GREEN TIP: Fireplace Starter
Start saving your empty paper towel tubes and old newspapers. Most of us already recycle newspaper and catalogs so we already have a supply on hand.
1. Take a thick section of newspaper, or the whole paper, and roll it up so it fits inside the paper towel tube. (you may have to fold the newspaper so its about the same length of the tube or about 12″)
2. Slide the rolled up newspaper into the paper towel tube and release it. The newspaper should unroll a bit which is what you want. The paper shouldn’t be rolled too tightly or it won’t burn as well.
3. Place your homemade fire starter tube in your fireplace underneath your small pieces of kindling wood and light the edge of the newspaper with a match or fireplace lighter. You may have to adjust how tightly you roll the paper but once you get the hang of it, it’s easy!
Also, if you have a smaller fire to build you may want to try using toilet paper tubes. These work well for campfires, small wood stoves or even your grill if you run out of lighter fluid.
Living in the Mid-west with woods all around us there is never a shortage of pine cones to find. We gather them while hiking and by summer’s end usually have a garbage can full to use in winter.
We store the pine cones in a warm dry place with plenty of air circulation so that they are completely dry by the time we need to use them for fire starter. (a warm shed, attic or greenhouse work well) It is important that they are dry and opened up or they won’t burn well.

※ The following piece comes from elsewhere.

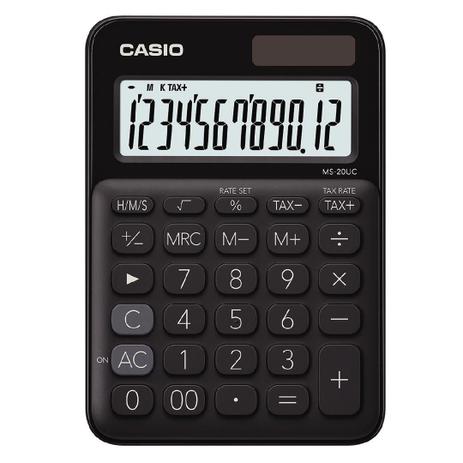 Calculadora Casio Básica Solar e Bateria MS-20UC-BK - Preto Menor preço em Calculadora Casio Básica Solar e Bateria MS-20UC-BK - Preto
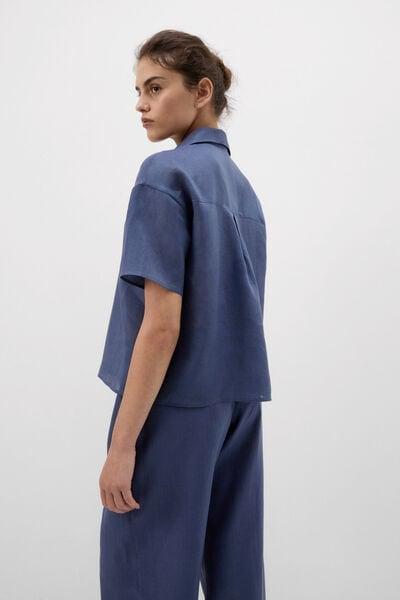Blue The Pure Linen Short-Sleeved Plain-Weave Linen Shirt, 5601_167K, large image number 2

If you have a smaller amount of pine cones to dry the oven works well too. Spread them on foil lined cookie sheets and bake at about 200F for about an hour. As an added benefit you will have the wonderful scent of pine throughout your home! (this is also the conditioning process you should do before making the fancier pine cone fire starter recipe which follows)
Tools & Supplies:
2 pounds paraffin (can find at a craft or hardware store or wherever home canning supplies are sold)
3 red or green crayons or candle tint (which you can find at craft supply stores)
1 teaspoon scented oil (cinnamon or your favorite essential oil)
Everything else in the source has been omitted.